Oh...u can email me at (louise.monaghan666@gmail.com) if u have any info that might be of help to me.


Post - Top - Home - Printer Friendly - Translate

Subject: RE: ROCKS OF BAWN - MEANING?
From: GUEST,Berney Hill
Date: 07 Dec 06 - 12:43 PM

Definately a Cavan song to my mind. The use of language is typical of the area. Indeed the tradition of making up ill-fitting rhymes is still alive in the county.

The spelling and pronunciation of dudgeen derives from the local way of speaking Gaelic. The stress on the first syllable and the d is pronounced as a hard g whereas in the west its a soft g.

Remember that dawn refers to sunrise and not to daylight. It wouldnt be strange for ploughmen to be working from first light in those latitudes. Cavan is closer to the Artic circle than to the tropics hence the long delay between daylight and dawn.

The soil in the part of Cavan that Kiernan refers to (Mullaghhoran) is indeed rocky and stoney and local ploughboys became expert or had to quit. Drills for potatoes were still being ploughed with horses in the sixties in the area.

I can confirm the accuracy of all Kiernan's geographical and historical references and his claims are so far convincing. I will be in Ireland soon and hope to visit Bawn townland in Mullaghoran to see for myself.   

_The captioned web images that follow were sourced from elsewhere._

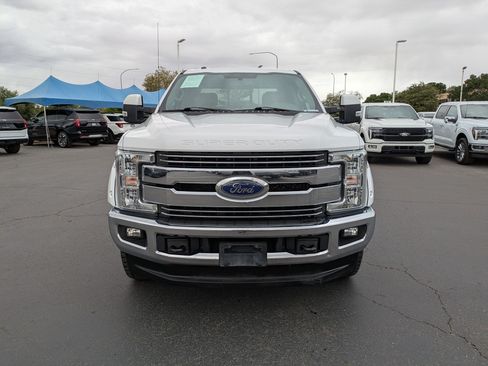Used 2018 Ford F250 Lariat w/ Lariat Value Package AWD/4WD image 9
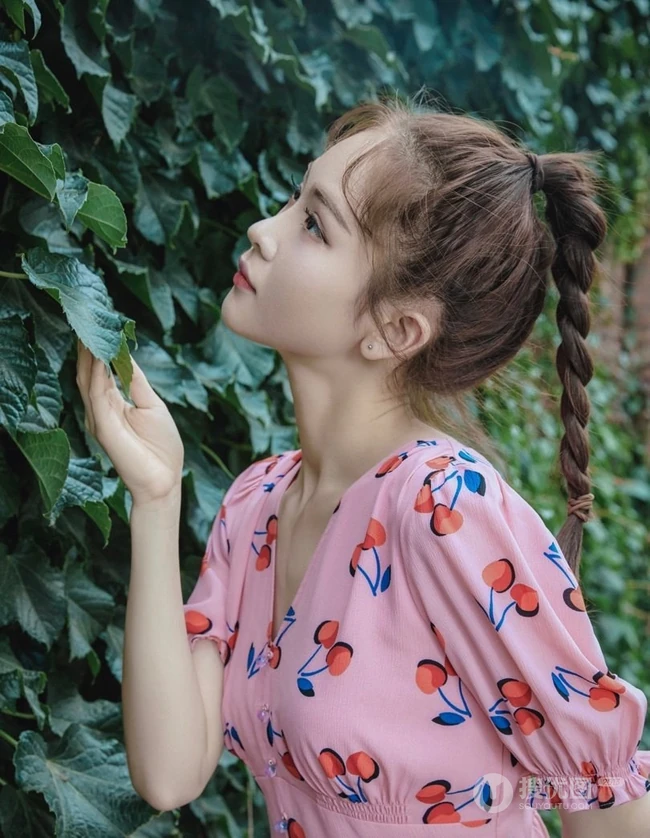 徐紫茵粉色系穿搭街拍，夏日连衣裙装有点少女甜~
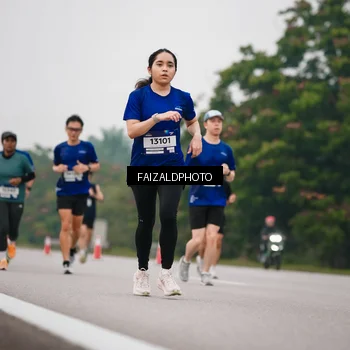 Runner Photo 7435751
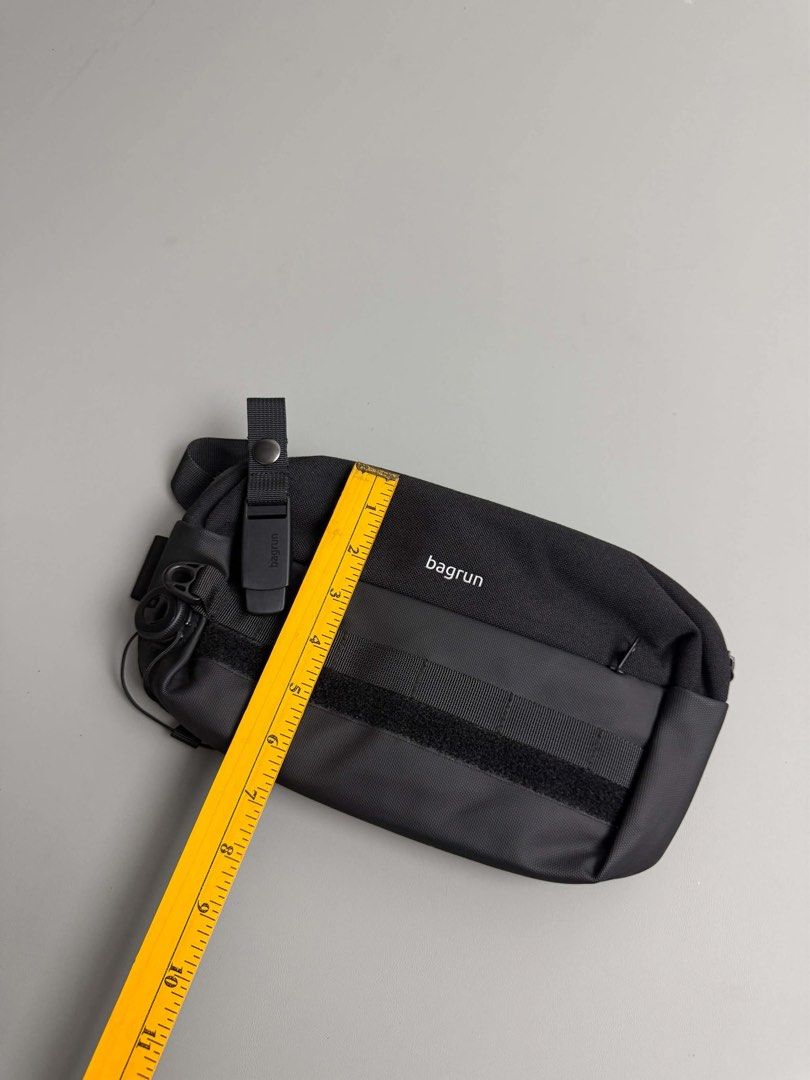 BAGRUN (Category: Sling Bags) located in Guagua. Submitted by sweetboyy (Listing ID 1465769116, Image 3). Description: BAGRUN EDC URBAN CACHE CHEST SLING BAG MISSING SLING.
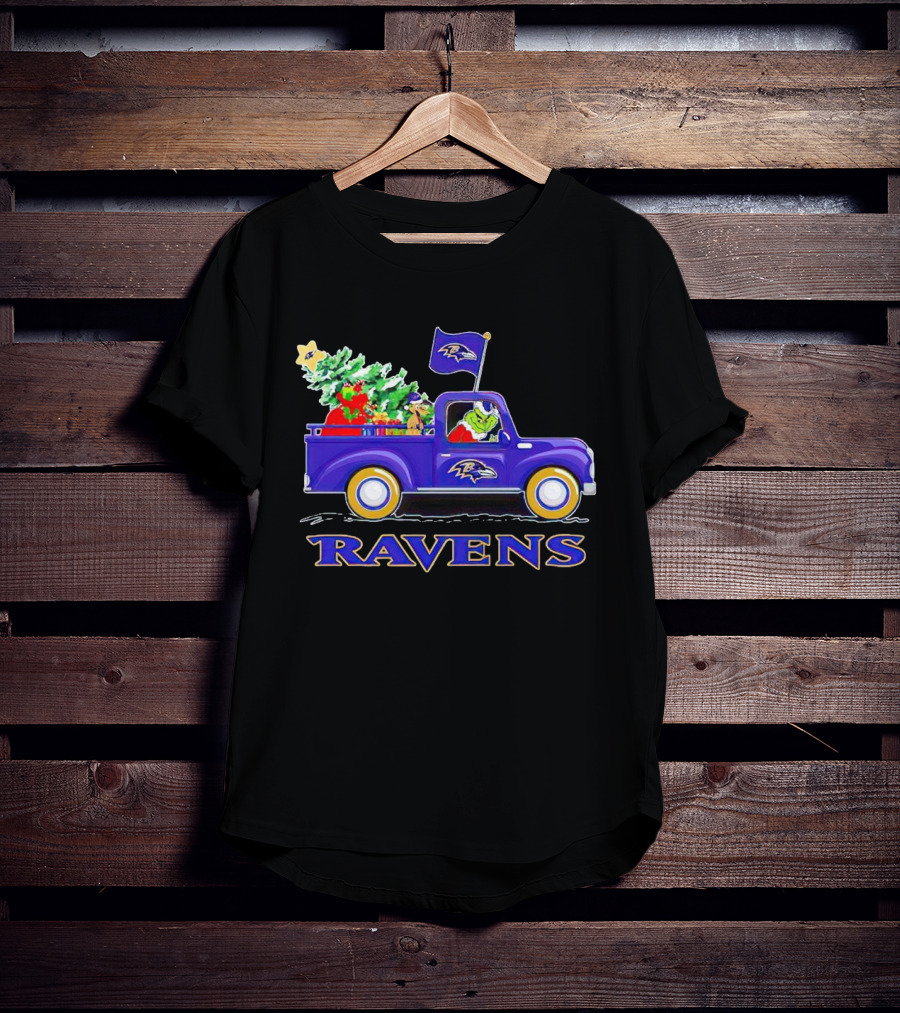Grinch Driving Baltimore Ravens Christmas Truck T-Shirt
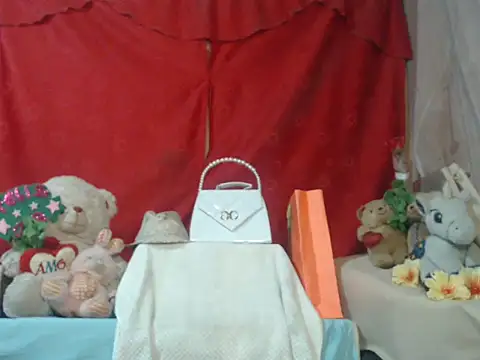 hottieperla online show from 10/15/25, 06:19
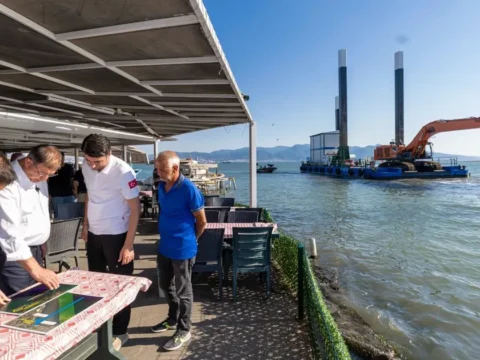 Izmir korfezinde dip tarama calismalariyla deniz yasami canlaniyor eCQ2Sxsl.webp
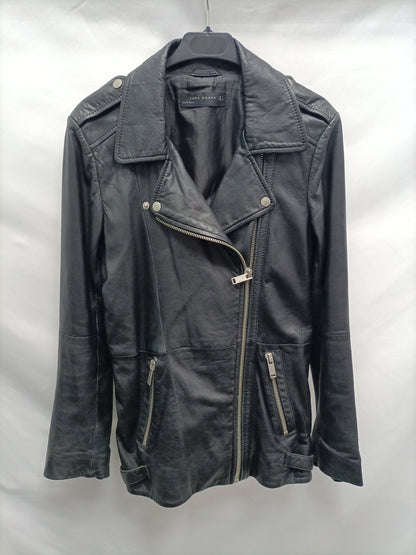 ZARA. Cazadora negra piel T.s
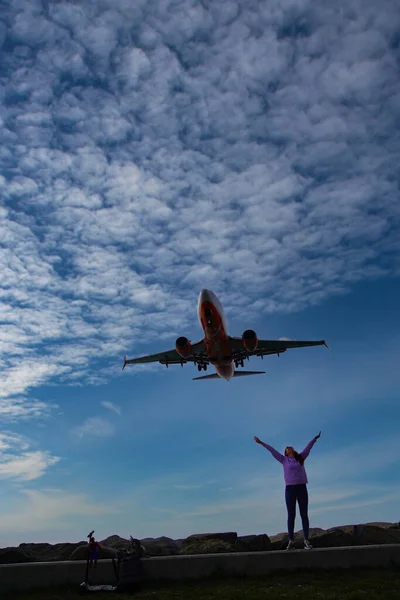 Batumi Georgia May 2021 Girl Stands Plane — Stock Photo, Image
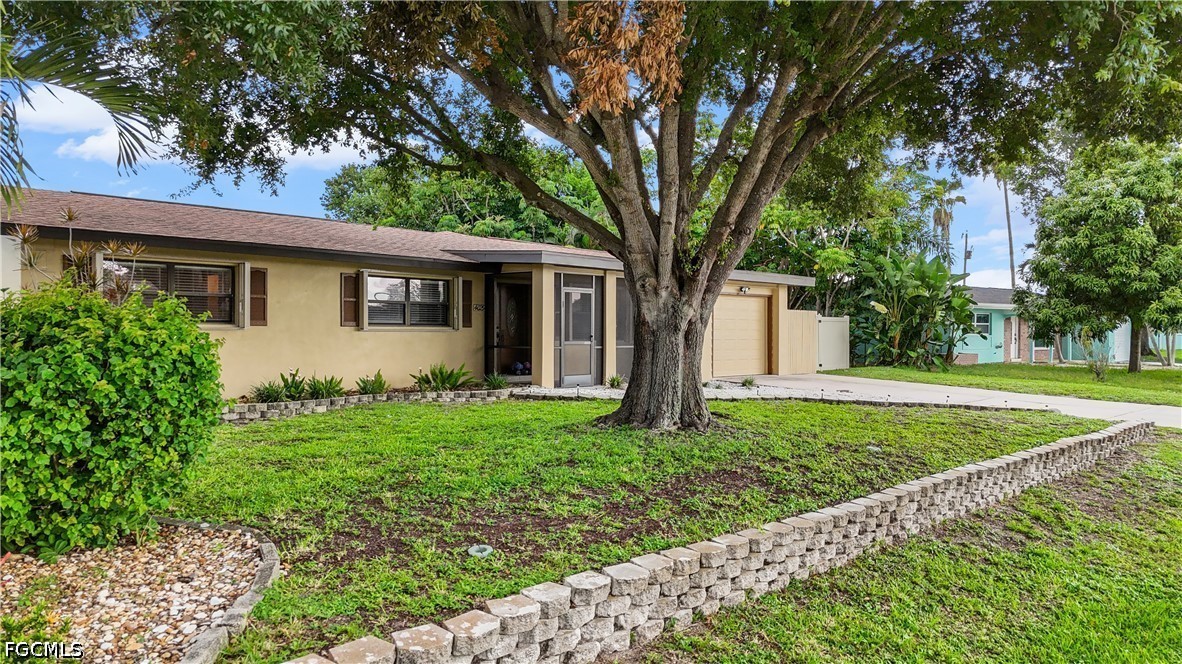3 Bed Pool Home for Sale in Cape Coral, photo 5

Bawnboy is in West Cavan and is referred to locally as Bawn but I have never heard that the song is about there.


Post - Top - Home - Printer Friendly - Translate

Subject: RE: ROCKS OF BAWN - MEANING?
From: Seamus Kennedy
Date: 08 Dec 06 - 12:59 AM

You may as well plough the rocks of Bawn as try to come up with one definitive meaning for the song, although there are some real beauties here. Thanks to all.

Seamus


Post - Top - Home - Printer Friendly - Translate

Subject: RE: Rocks of Bawn - Meaning?
From: GUEST,kiernan
Date: 16 Dec 06 - 02:41 PM

"Now my socks are getting worn and my coulter is getting thin." Sweeney didn,t wear socks,but the plough did.


Post - Top - Home - Printer Friendly - Translate

Subject: RE: Rocks of Bawn - Meaning?
From: McGrath of Harlow
Date: 16 Dec 06 - 03:59 PM

The rocks taken out of the rocky fields are the stones used to build the walls between the fields.


Post - Top - Home - Printer Friendly - Translate

Subject: RE: Rocks of Bawn - Meaning?
From: GUEST,Ryan Edwards
Date: 06 Feb 07 - 06:02 PM

This is a super tune and is available on CD from a band called Footstick on their debut cd called Rivercrossing. Worth a listen!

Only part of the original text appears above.